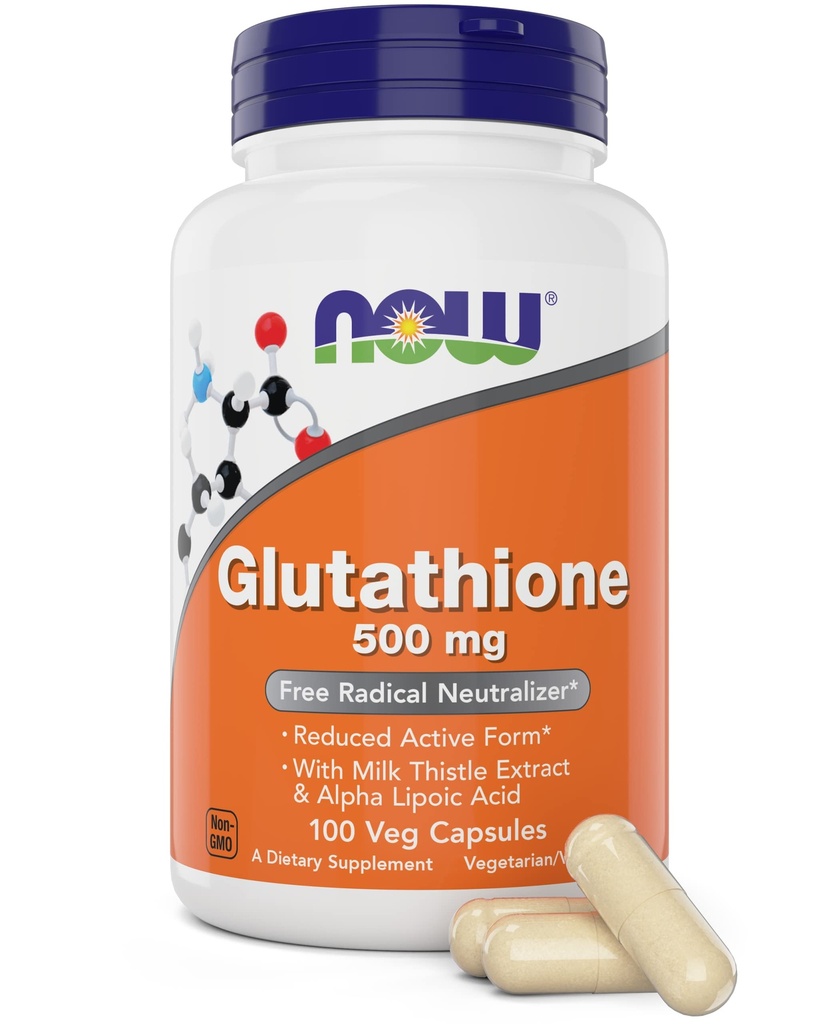 Now Glutathione 500 mg, 100 Vegan Capsules - Reduced Form GSH Supplement - Enhanced with Milk Thistle Extract and Alpha Lipoic Acid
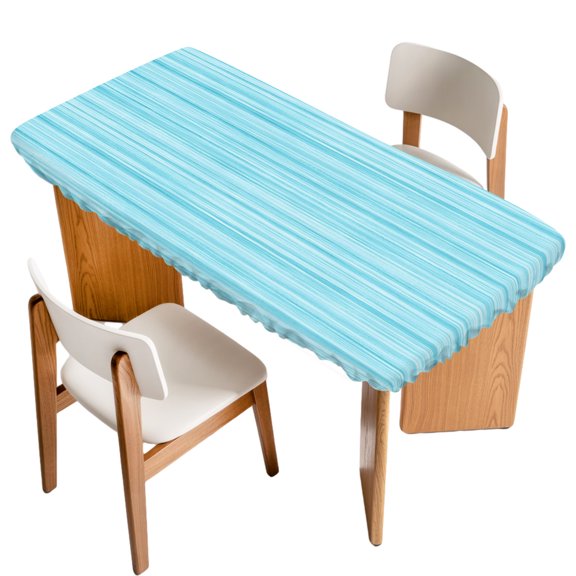 Blue Striped Fitted Rectangle Tablecloth 32" x 72" Boho Sky Blue Lines Linen Texture Rustic Nautical Elastic Table Cloth Fits for 6 Foot Folding Tables Waterproof Table Cover for Picnic Camping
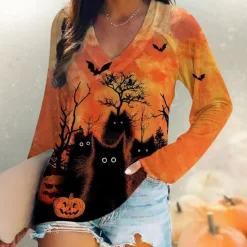 Topjes & Shirts Dames*Rella - Dames T-shirt met Zomerse Kat opdruk Oranje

▶ [WHAT THE EXERCISE ASKS]
Pictures must be left out. Repeat exactly the lines from the one containing "Blue Striped Fitted" through the final line of the data.

▶ [RESULT OF THE TASK]
 Blue Striped Fitted Rectangle Tablecloth 32" x 72" Boho Sky Blue Lines Linen Texture Rustic Nautical Elastic Table Cloth Fits for 6 Foot Folding Tables Waterproof Table Cover for Picnic Camping
 Topjes & Shirts Dames*Rella - Dames T-shirt met Zomerse Kat opdruk Oranje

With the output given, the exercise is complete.